Once, a guy chased me while wildly swinging a bust of Chairman Mao. He didn’t want to beat me over the head with it; he simply wanted to sell it to me for 800 RMB. No matter how much I said “不要 bu yao,” he kept in hot pursuit, yelling about he’d drop the price. That went in 20 RMB increments. I really didn’t want it; I mean, I was downtown, and how would I get that thing home or just lug it around with me as I did other errands? It didn’t matter how much I didn’t want it; he was damned insistent. It wasn’t the first time this guy chased me, either. Other times, he waved posters of Zhou Enlai at me, as well as a wall tapestry of 10 prominent Red Army generals.
He wasn’t the first person to do this. In this part of downtown, I have been grabbed and pulled into shops with all sorts of junk paraded in front of my face. All of them had absurdly inflated prices. A comic book went for 200 RMB, and red and gold embossed Mao buttons went for 100 RMB. Some of those shopkeepers saw me as a clueless, rich foreigner that they could make easy cash off of. They were tripling their prices just at the mere sight of me.

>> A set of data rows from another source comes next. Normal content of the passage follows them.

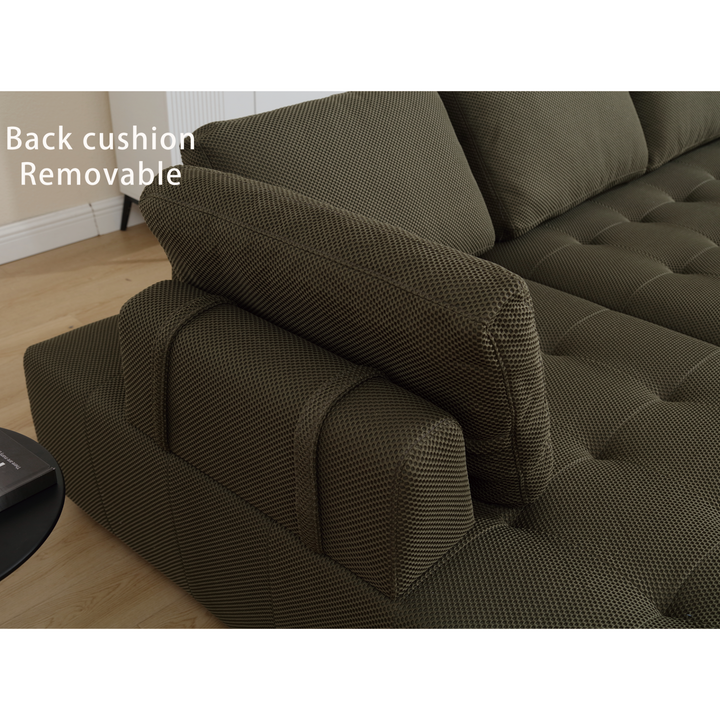 Buy farmhouse furniture The Cielo Modular Combination U-shaped Upholstered Free Combination Sofa - Modern Cottage Farmhouse Furniture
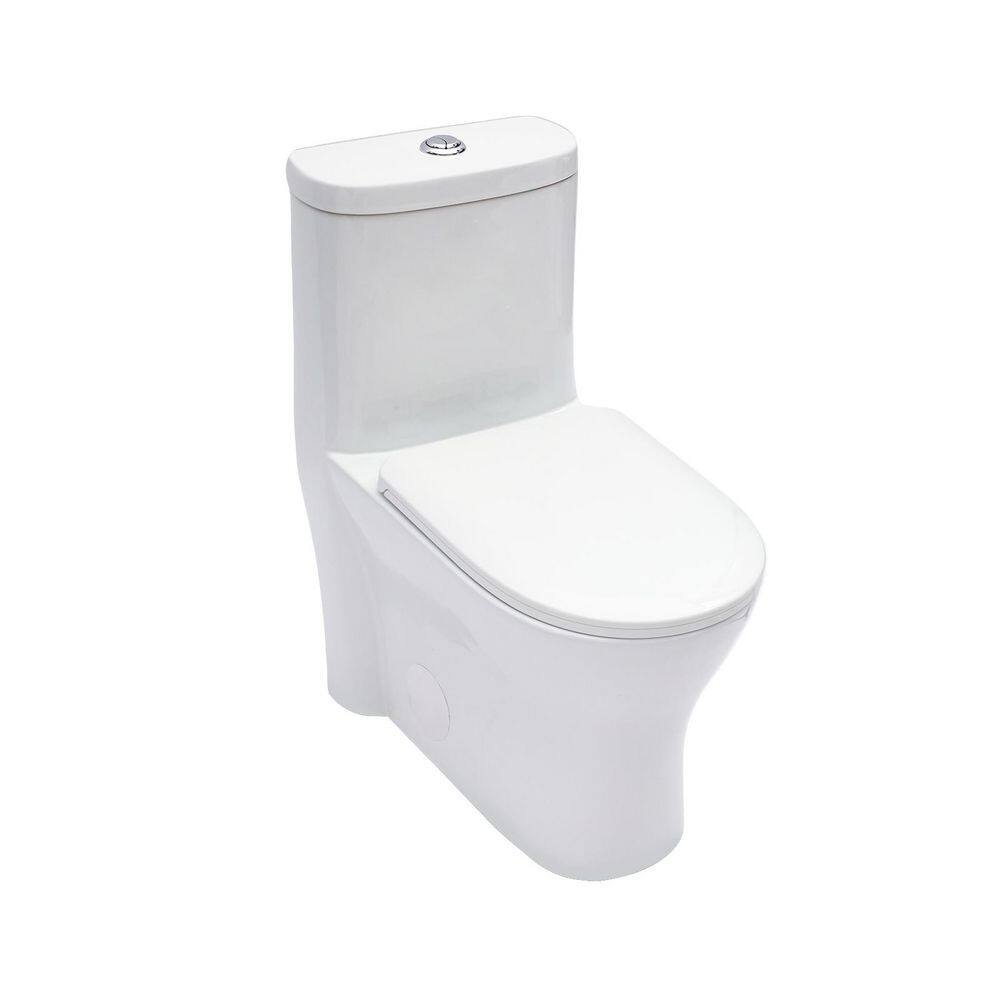 12 inch Rough in 1-Piece 1.22/1.6 GFP Dual Flush Elongated Seat Skirted Design Toilet in White price history on PriceWatchPro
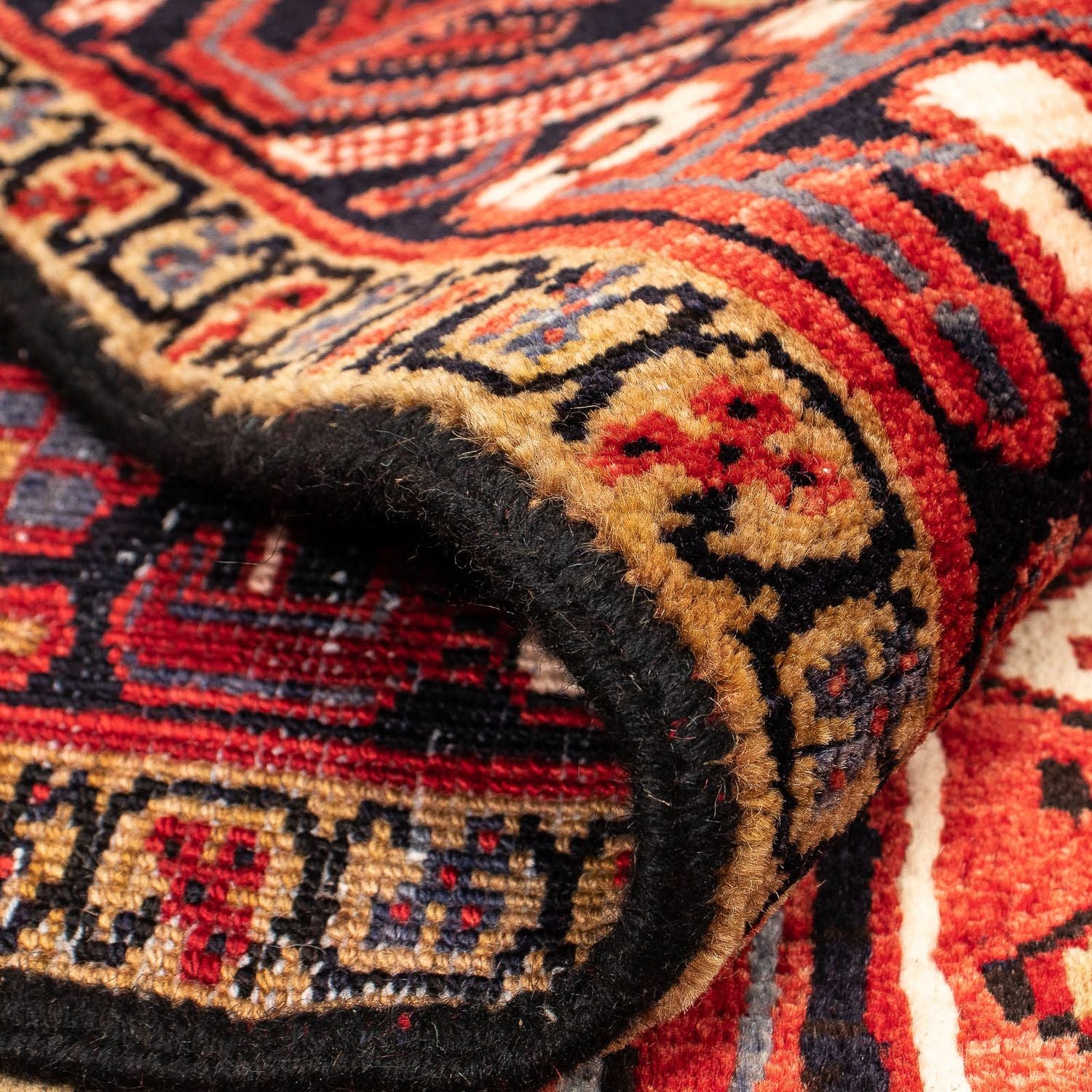 Tapis persan - Nomadic - 410 x 306 cm - rouge foncé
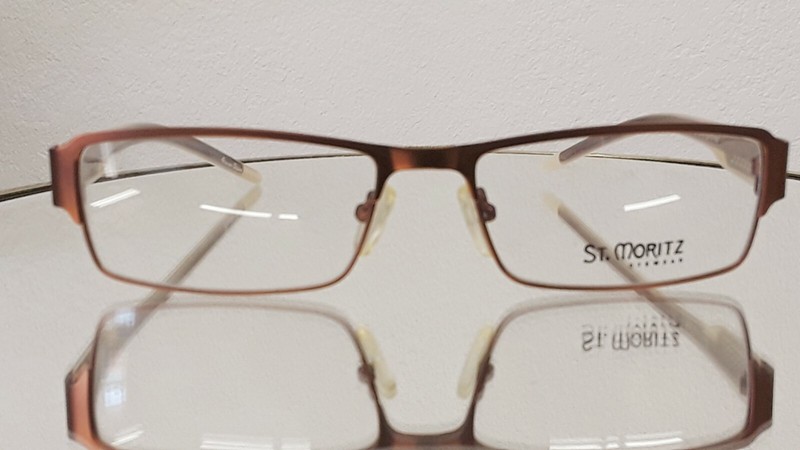 Originale St. Moritz eyeglasses CYBER X1 53-17 BROWN metal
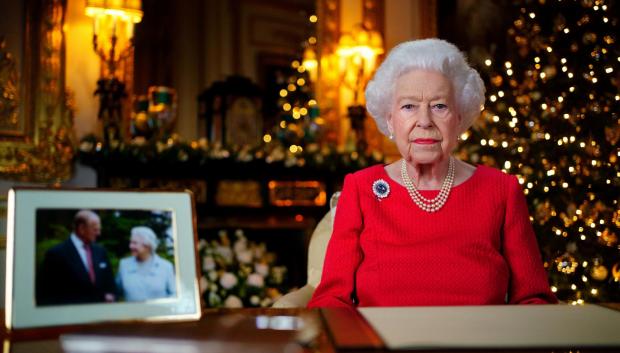 La Reina Isabel II, en una imagen del discurso que se emitirá el próximo sábado 25 de diciembre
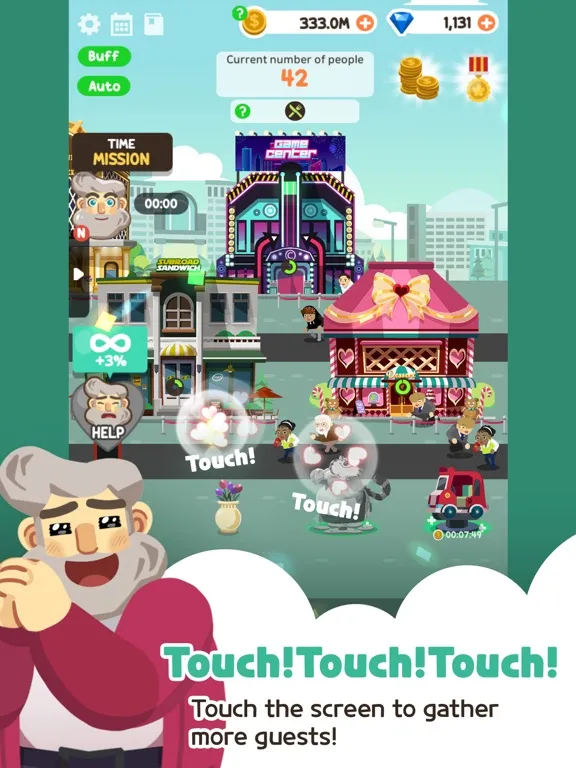 MY STREET : CLICKER GAME iPad  Ekran Görüntüleri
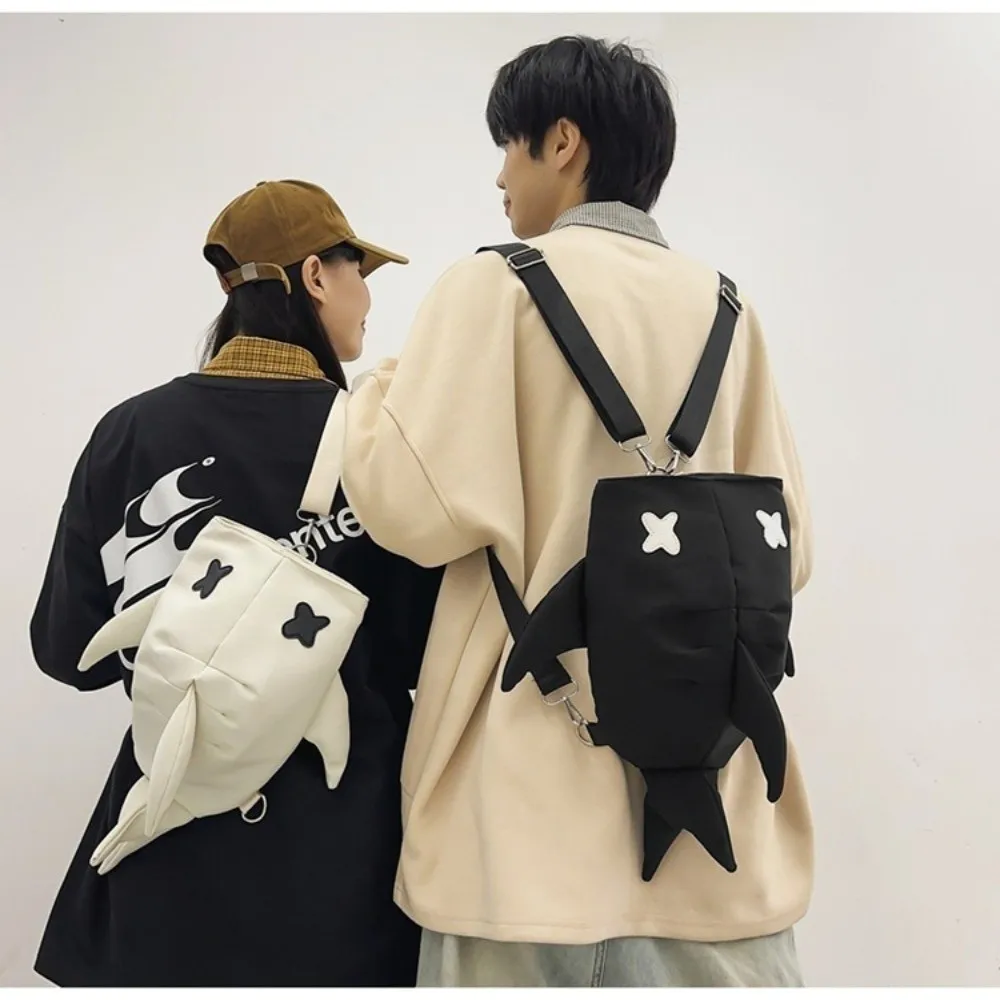 Adjustable Strap Shark Backpack Versatile Style Unique Design Casual Travel Bag New Design Unisex Model Single Shoulder Bag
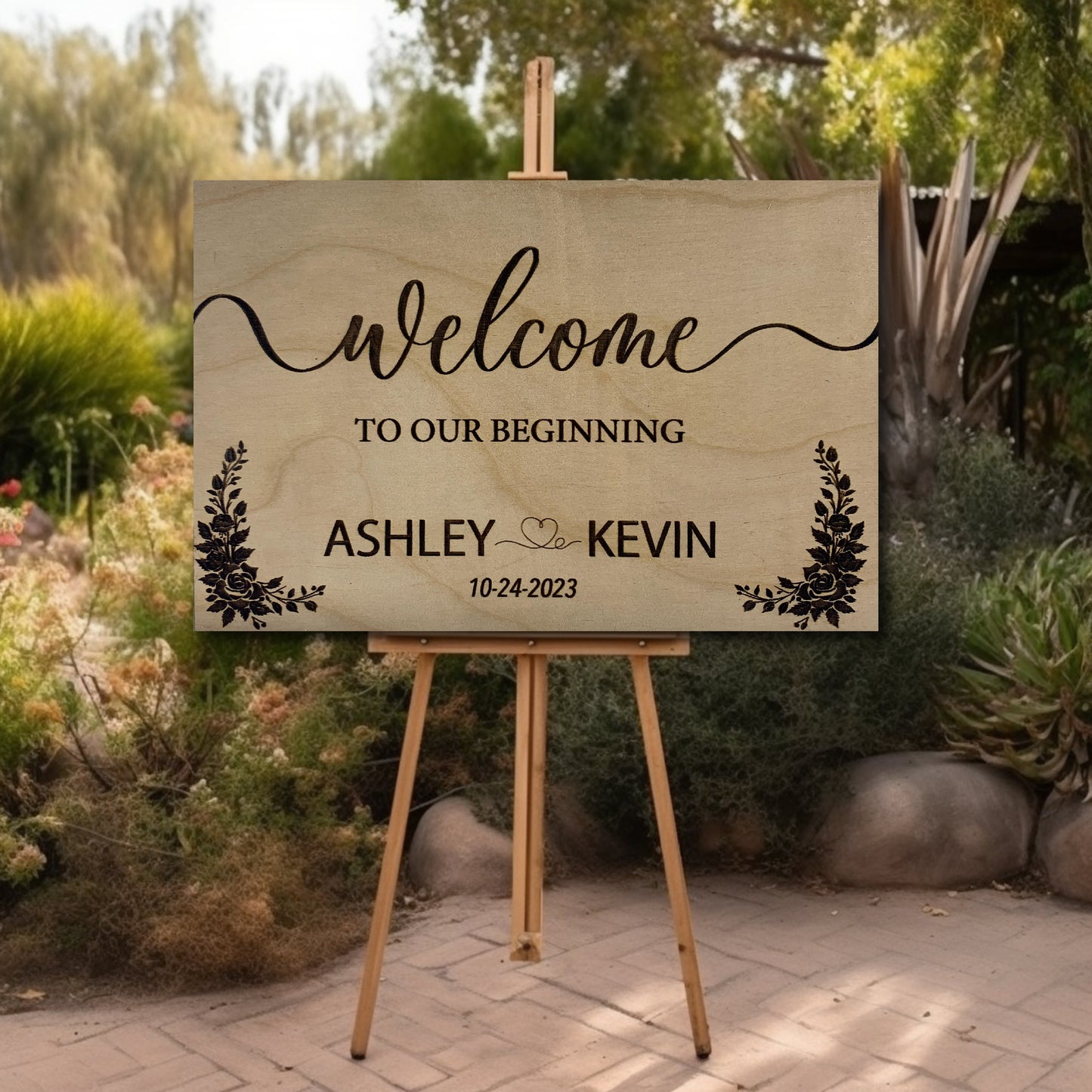 18X20 inches Wedding sign, Custom Wedding Sign, Laser engraved wedding sign, wood wedding gift Gift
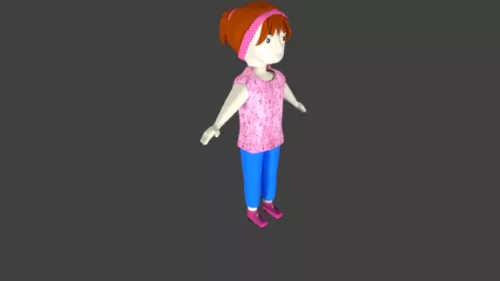 Zombie Girl 3d model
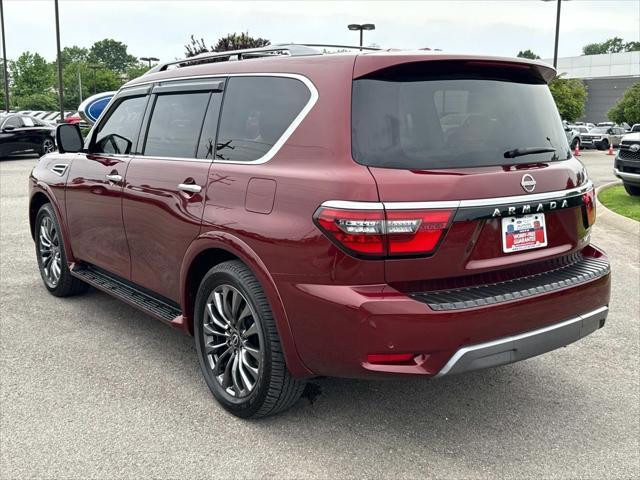 used 2024 Nissan Armada car, priced at $50,000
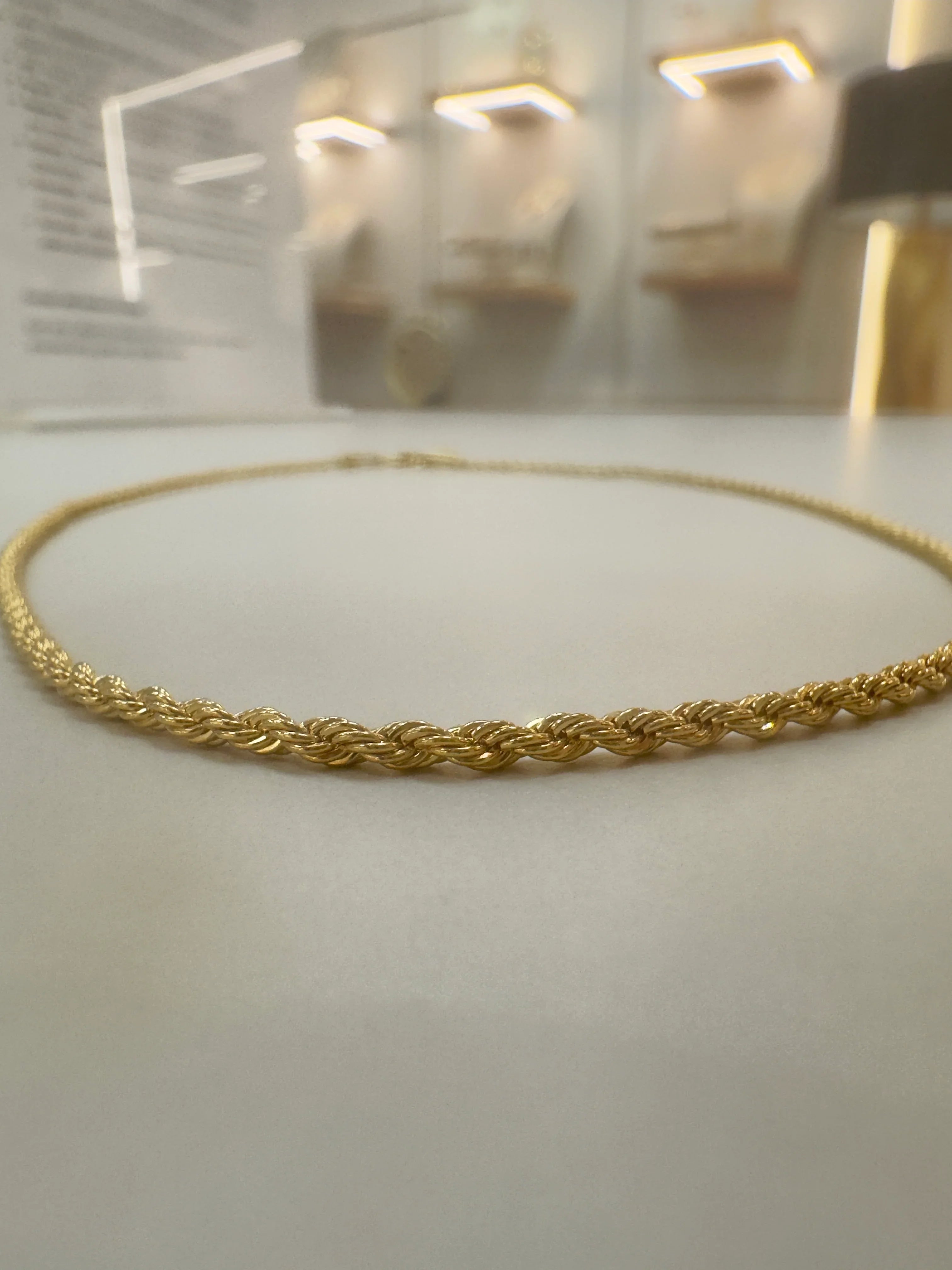 THIN GOLD-PLATED ROPE CHAIN - Brainstorm Jewelry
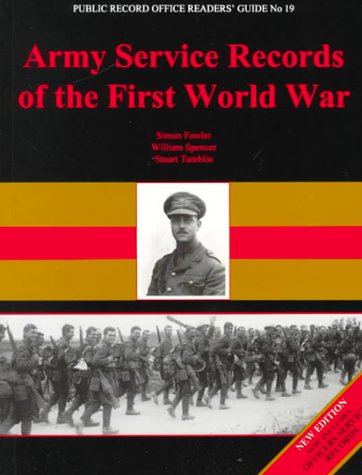 9781873162552: Army Service Records of the First World War (Public Record Office Readers' Guide)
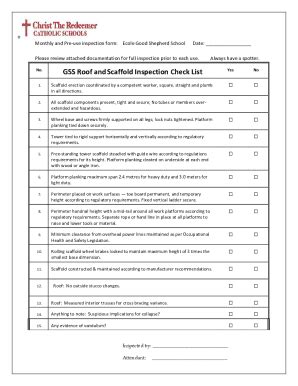 Fillable Online Free Inspection Checklists FormsPDF Fax Email Print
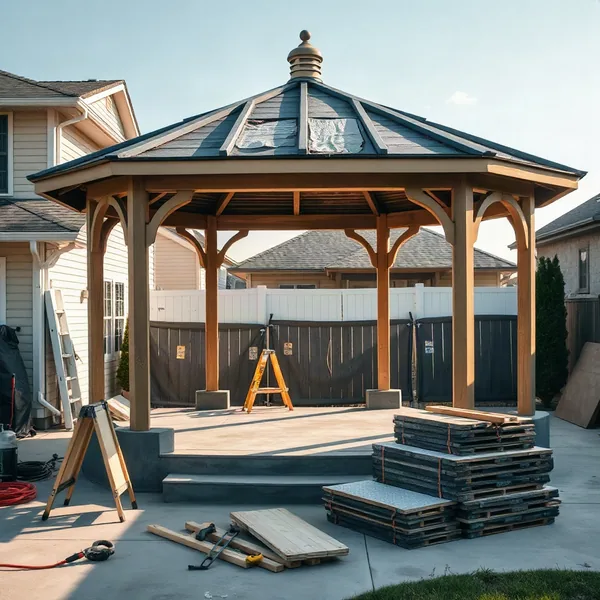 Professional Gazebo Renovation in Dubai carried out by a licensed technician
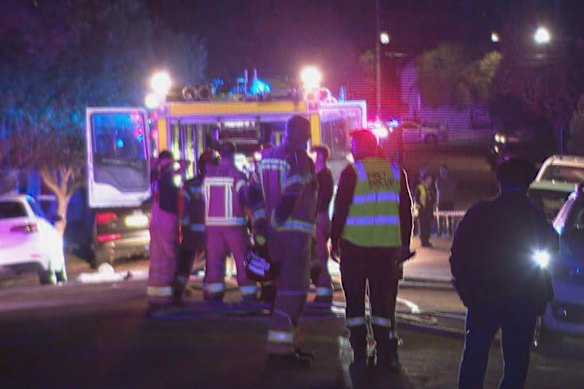 A fire tore through a house in Croydon overnight.
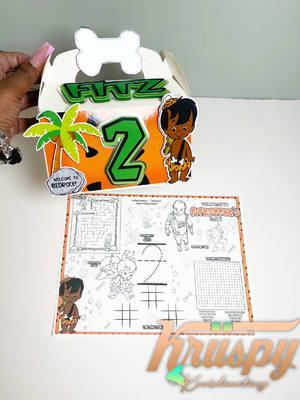 Flintstones Themed Party Favors 🪨🌴 3D Boxes  🪨🌴 Activity Placemats #kriispypartyfavors #kriispykoordinating #Flintstones #Flintstonesthemed #Flintstonesparty #Flintstonespartyfavors #Flintstonesthemeparty #Flintstonestheme #birthdaypartyideas #boyparty #2ndbirthday #itsabirthdayparty #Flintstonespartydecor #custompartyfavors  #partyboxes #treatboxes #DIY #craft #Flintstonespartyboxes #Flintstonestreatboxes #Flintstonesactivityplacemat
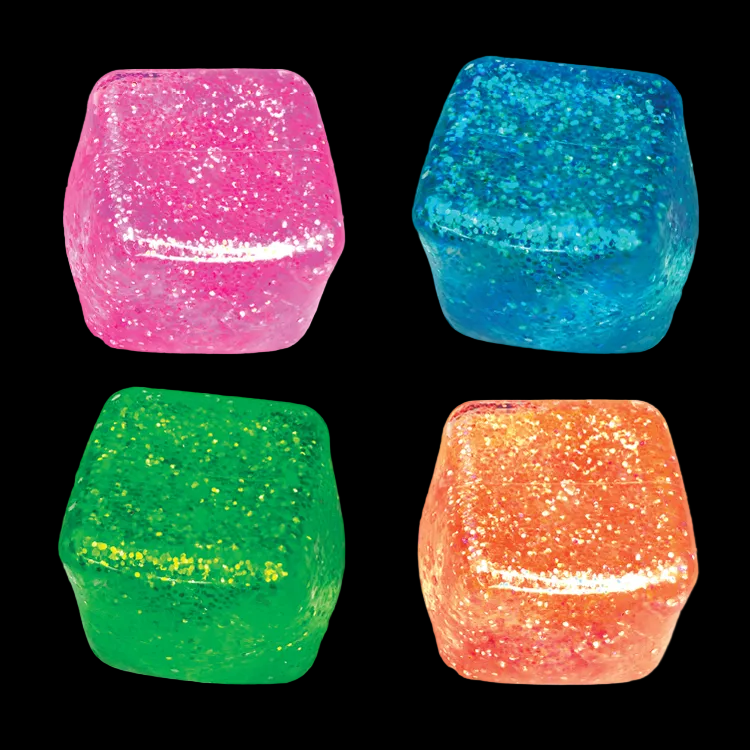 Fun Doh Glow in the Dark Squishy Sparkle Cube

And what can I say? I have a thing for junk and antique stores. However, as my Chinese abilities slowly improved from non existent to barely minimal, I actually learned how to haggle with these people. I also got it to a point where I don’t even have to say anything anymore. All I need to do is twist my face into a overacted grimace or scowl and wave my hand dismissively. Once these vendors realized I was no longer the goldmine they thought I was, I stopped getting chased or grabbed. Eventually, I settled on one antique merchant I trusted, and now I usually just go to him first.
So, where is this part of Changzhou? If you go to where the downtown central subway station is being built, you will find an antique market behind the Christian church. This would be Wenhuagong 文化宫. You can find everything from old communist propaganda to weathered books of nude photography, framed calligraphy, carved wood, and much more. This is an ideal place for stamp and currency collectors, too. There are two indoor markets with kiosks, but the main part is a small pedestrian street with shopfronts. Only, if you are going to go there for the first time, take a Chinese friend you are actually going to buy something. Otherwise, they will think you are a goldmine, too.